Short text fragments from websites
_ _ _ _ _

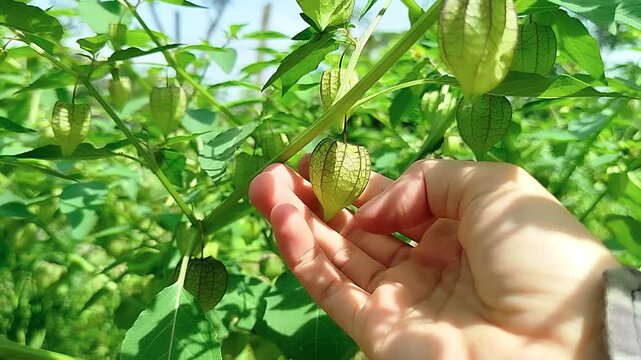 holding Physalis angulata fruit or commonly called morel berry is a fruit with many benefits and is usually found growing wild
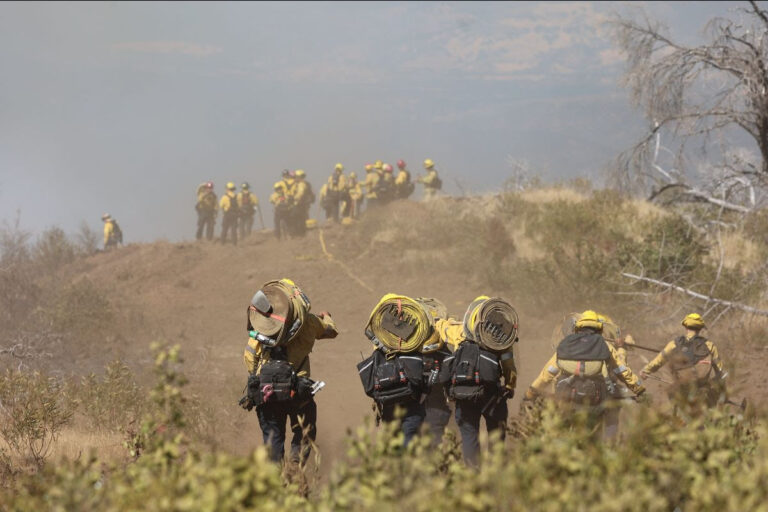 CAL FIRE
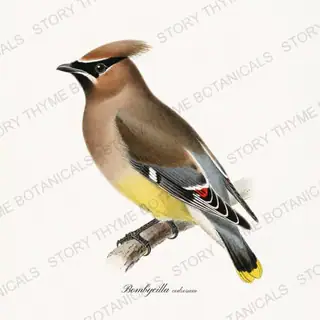 Cedar Waxwing — vintage botanical Winter Lodge print on a white background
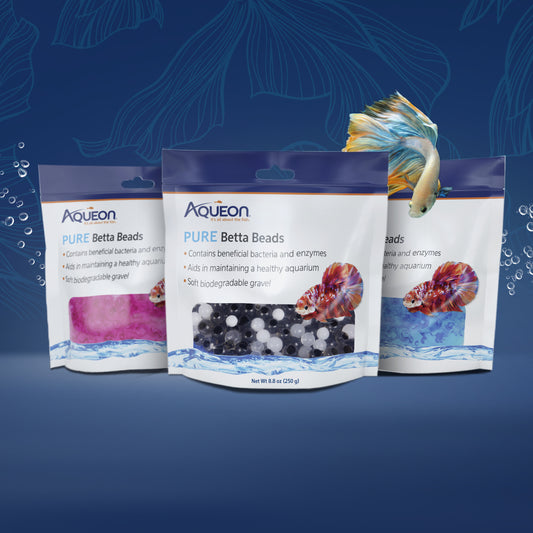 AQE BETTA COND BEADS BK/WH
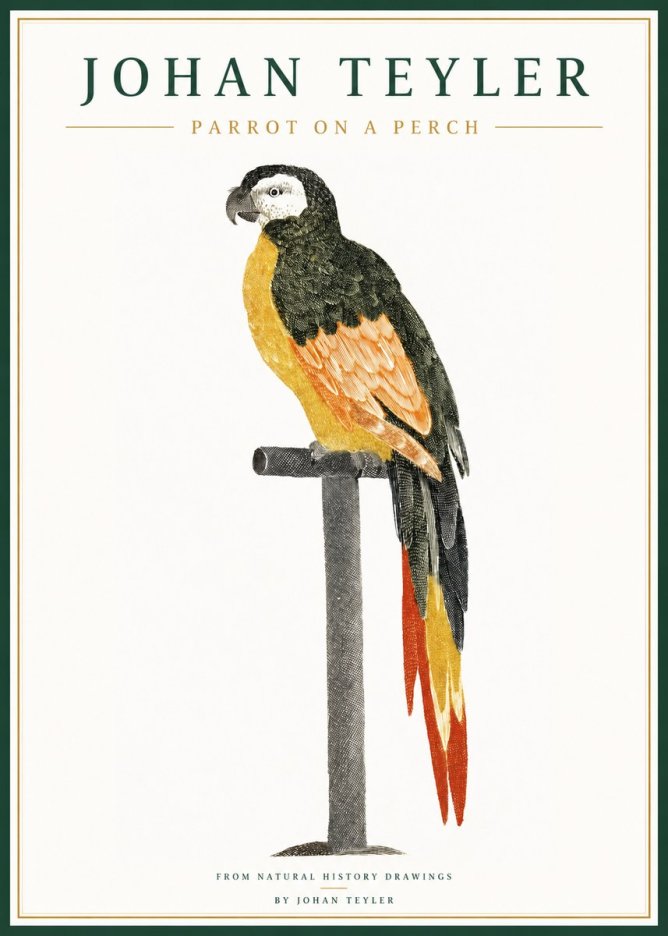 Johan Teyler Parrot on a Perch No1 - Plakat
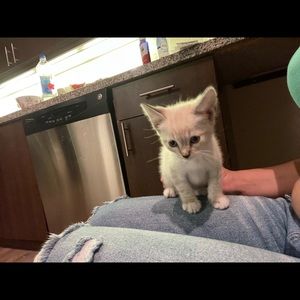 Meet your Posher, Gretchen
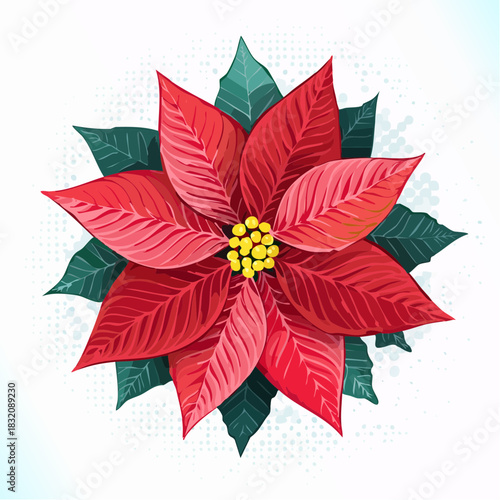 roter Weihnachtsstern - Cartoon Comic Stil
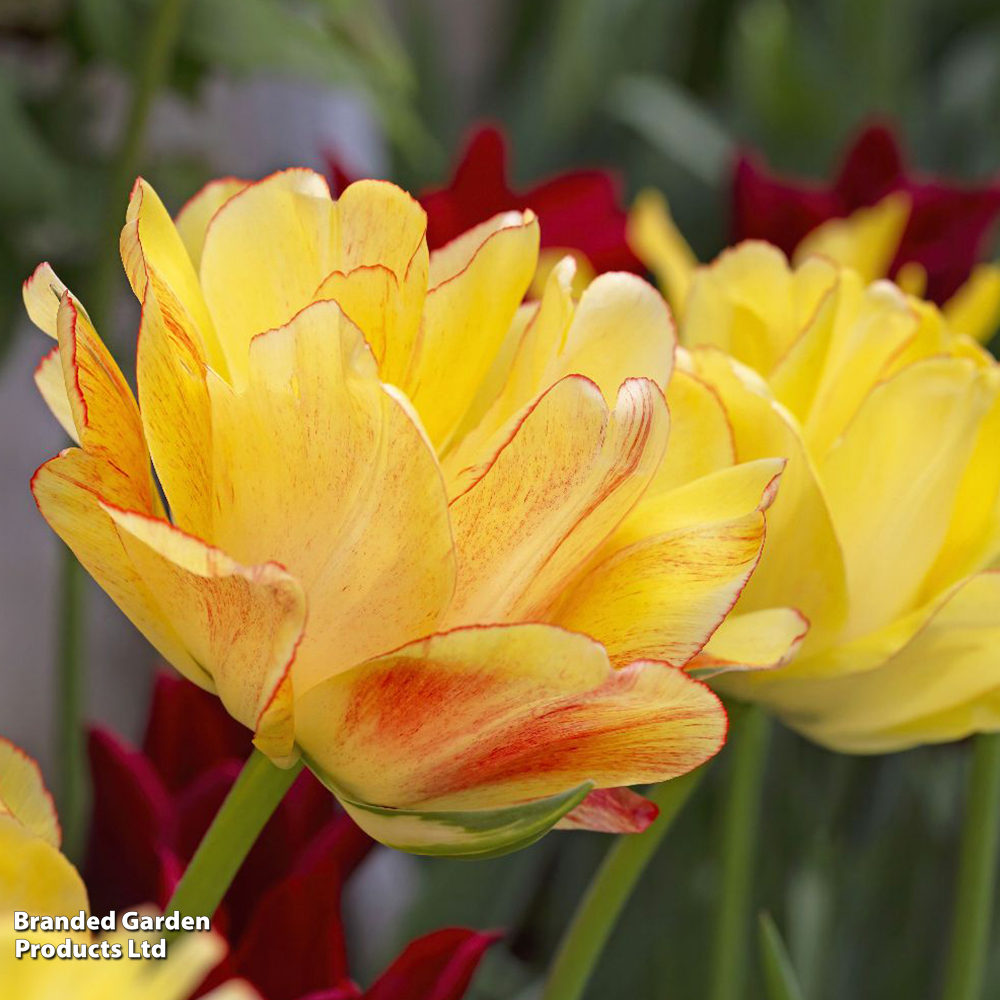 Tulip 'Akebono' image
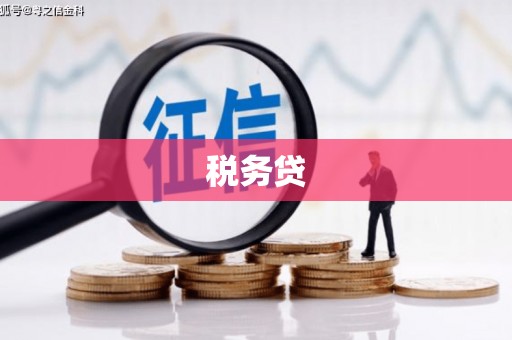 临澧税务贷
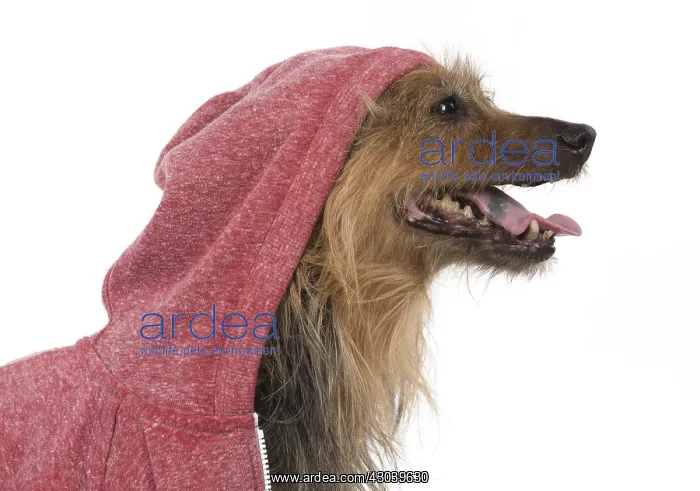  : DOG. Australian Terrier iwearing a hoodie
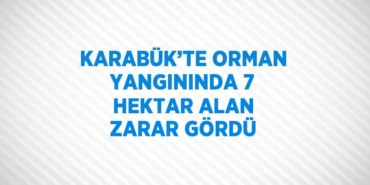 21896246692584020259tasarimli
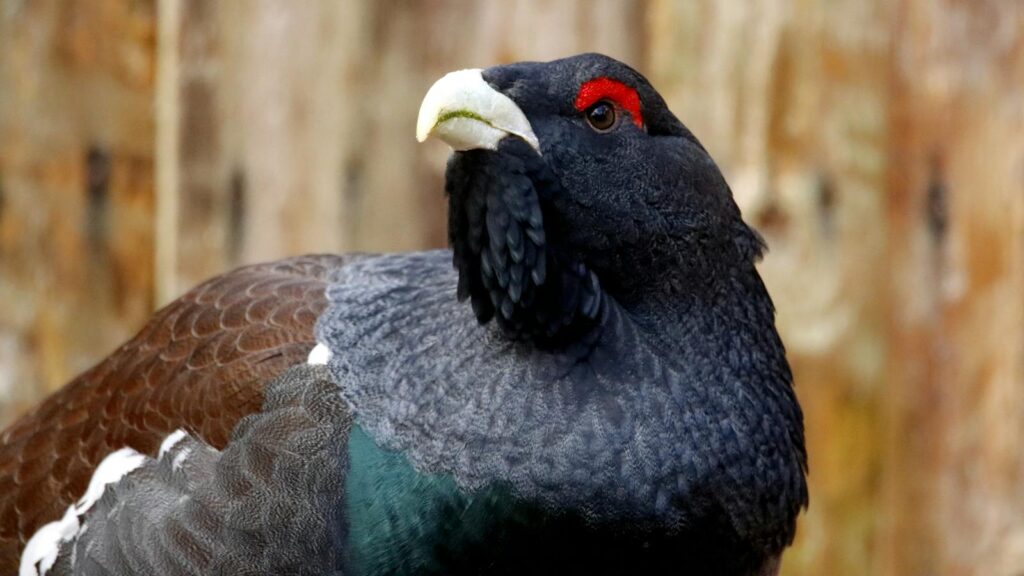 Close-up of a Western Capercaillie highlighting its colorful plumage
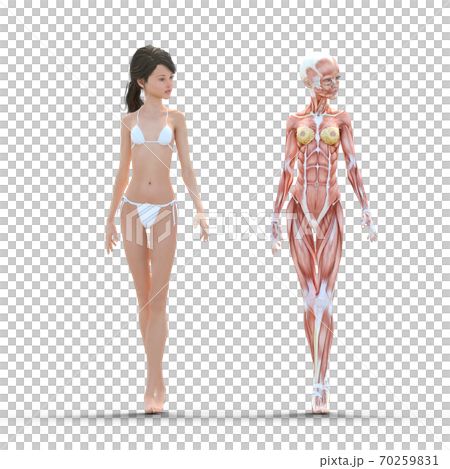 女性 解剖 筋肉 perming3DCG イラスト素材 女性 解剖 筋肉 perming3DCG イラスト素材 70259831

_ _ _ _ _

Each entry is to be output exactly, and no picture is to appear.

Written response:
 holding Physalis angulata fruit or commonly called morel berry is a fruit with many benefits and is usually found growing wild
 CAL FIRE
 Cedar Waxwing — vintage botanical Winter Lodge print on a white background
 AQE BETTA COND BEADS BK/WH
 Johan Teyler Parrot on a Perch No1 - Plakat
 Meet your Posher, Gretchen
 roter Weihnachtsstern - Cartoon Comic Stil
 Tulip 'Akebono' image
 临澧税务贷
  : DOG. Australian Terrier iwearing a hoodie
 21896246692584020259tasarimli
 Close-up of a Western Capercaillie highlighting its colorful plumage
 女性 解剖 筋肉 perming3DCG イラスト素材 女性 解剖 筋肉 perming3DCG イラスト素材 70259831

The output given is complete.